1"If You Don't Want It Printed, Don't Let It Happen" (The Aspen Daily News, Aspen, Colorado)
Started in 1978, The Aspen Daily News proudly embraces its position as a muckraking, investigative newspaper with the motto: "If you don't want it printed, don't let it happen." (In other words, watch your back!)
2"Right is of no Sex—Truth is of no Color—God is the Father of us all, and we are all Brethren." (The North Star, Rochester, New York)
Remember Frederick Douglass? President Donald Trump called him “an example of somebody who's done an amazing job and is being recognized more and more, I notice.” (He's been dead since 1895.) Douglass started a newspaper, The North Star, in Rochester, New York in 1847, after escaping from servitude. The paper was so named because slaves followed the North Star in the sky to freedom. It had a circulation of over 4,000 subscribers and eventually merged with The Liberty Paper in 1851 when it was renamed after the orator himself.
3"The World's Greatest Newspaper" (The Chicago Tribune, Chicago, Illinois)
A bold statement, but a great paper nonetheless—founded in 1847, The Chicago Daily Tribune, owned by Joseph Medill, was one of the leading voices of the new Republican Party. Daily circulation grew from about 1,400 copies in 1855 to as high as 40,000 during the Civil War, when the paper was a strong supporter of President Lincoln and emancipation.
Between the 1910s and the 1950s, the Tribune prospered under the leadership of Medill's grandson, Robert R. McCormick. Calling his operation the “World's Greatest Newspaper,” McCormick succeeded in raising daily circulation from 230,000 in 1912 to 650,000 by 1925. At that point, the paper employed about two thousand men and women.
WGN Television's call letters are also derived from the “World's Greatest Newspaper" slogan.
The slogan last appeared on the front-page nameplate Dec. 31, 1976.
4"Australia For The White Man" (The Bulletin, Sydney, Australia)
The Bulletin was founded by J. F. Archibald and John Haynes in 1880. It played a significant role in the encouragement and circulation of nationalist sentiments that remained influential far into the next century—Its writers and cartoonists regularly attacked the British, Chinese, Japanese, Indians, Jews, and Aborigines.

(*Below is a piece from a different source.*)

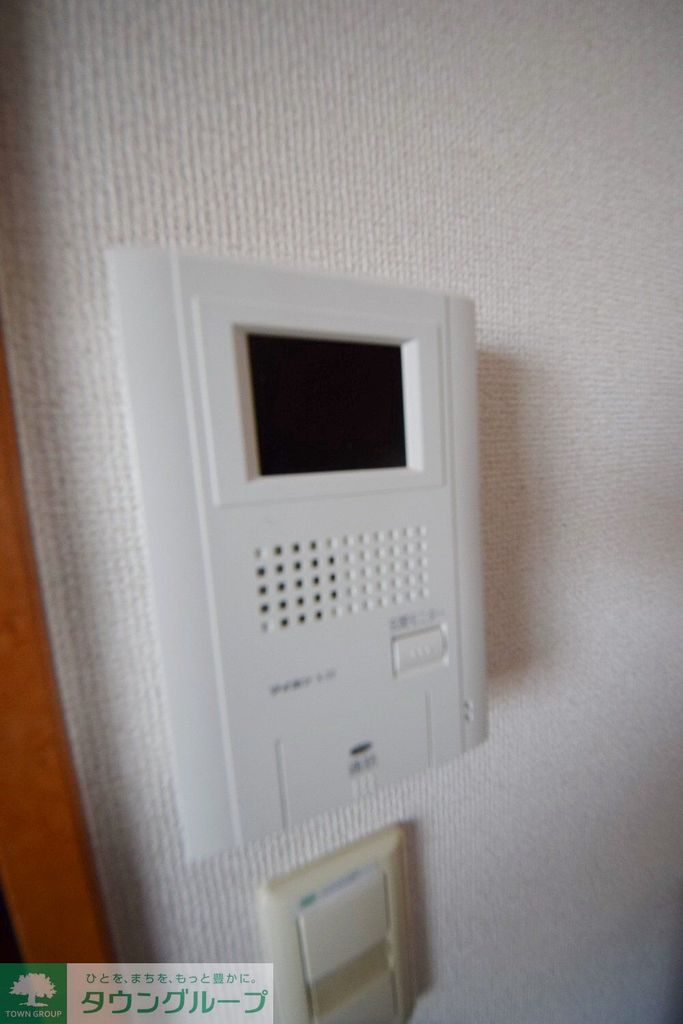 セキュリティ　設備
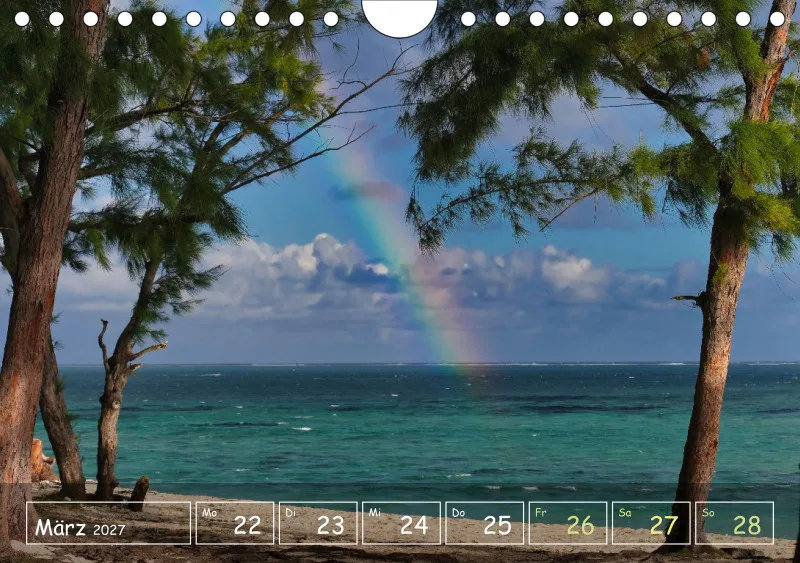 Mauritius 2027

In 1886, editor James Edmond changed The Bulletin's banner from "Australia for Australians" to "Australia for the White Man." An editorial, published the following year, laid out the reason for the new slogan:
"By the term Australian we mean not those who have been merely born in Australia. All white men who come to these shores—with a clean record—and who leave behind them the memory of the class distinctions and the religious differences of the old world ... all men who leave the tyrant-ridden lands of Europe for freedom of speech and right of personal liberty are Australians before they set foot on the ship which brings them hither. Those who ... leave their fatherland because they cannot swallow the worm-eaten lie of the divine right of kings to murder peasants, are Australian by instinct—Australian and Republican are synonymous."
In 1961, when it was brought by Australian Consolidated Press (ACP), chief editor Donald Horne quickly removed "Australia for the White Man" from the banner.
5"The Newspaper For Those Who Can Read" (Nasha Canada, Toronto, Canada)
Nasha Canada is a community newspaper serving over 300,000 Russian-speaking immigrants from the former Soviet Union, Russia, Ukraine, and Israel living in the greater Toronto area—and if they can read, even better!
6"All The News That's Fit To Print" (The New York Times, New York, New York)
To set his paper apart from its more sensational competitors, publisher Adolph Ochs adopted the slogan “All the News That's Fit to Print” (first used on October 25, 1896) and insisted on reportage that lived up to that promise. Despite an early shortage of capital, he refused advertisements that he considered dishonest or in a bad taste. The slogan is still very much a part of the The New York Times to this day and is likely the most famous in the world.
7"The Gimlet—It Bores In" (The Edmonson News, Brownsville, Kentucky)
The Edmonson News slogan "The Gimlet—It Bores In," is likely to do with the paper's tenacity in getting the story. A gimlet is, in fact, a tool that pokes holes in wood without splitting.
8"Democracy Dies In Darkness" (The Washington Post, Washington, D.C.)
The 140-year-old Washington Post revamped its journalistic brand with a new slogan, "Democracy Dies in Darkness,” labeling its reporting as a friend of American democracy, not the enemy.
Popularized by legendary investigative journalist Bob Woodward, WaPo Communications Director Shani George said the media organization has internally used the alliteration-bent slogan for years. The paper claims it is not necessarily anti-Trump, but seeing as though they (and other news organizations) have been targets of the current administration, we think it's somewhat likely.
The new slogan has not reached the actual front page copy of the paper—yet. However, George said WaPo expects to integrate it across different mediums in the upcoming weeks.
9"Covers Dixie Like The Dew" (The Atlanta Journal, Atlanta, Georgia)
In 1982, two competing, century-old papers, The Atlanta Journal and The Atlanta Constitution combined their newsrooms into a twenty-four-hour operation but continued to produce two newspapers under distinct mastheads. In November 2001, as the Journal's circulation eroded, it and the Constitution were merged into a single newspaper published daily under a joint masthead, and the slogan was retired.
10"A Lively, Dashing Saucy Spirited And Independent Paper—Wide Awake At All Times And On All Subjects" (The Wide Awake, New York, New York)
The Wide Awakes formed a significant subgroup of a then Nativist movement known as the American Party (also known as the Know-Nothings). The movement arose in response to an influx of migrants and promised to "purify" American politics by limiting or ending the influence of Irish Catholics and other immigrants. It was empowered by fears that the country was being overwhelmed by such immigrants, who were seen as hostile and controlled by the Pope.
Mainly active from 1854 to 1856, the movement strove to curb immigration and naturalization but was met with little success. (Sound familiar?) The paper above, with its spirited slogan and ornate masthead, is believed to be the only one still in existence.
Interesting sidenote: The party was represented in the 2002 film Gangs of New York, led by William "Bill the Butcher" Cutting (Daniel Day-Lewis), who was the fictionalized version of real-life Know Nothing leader William Poole.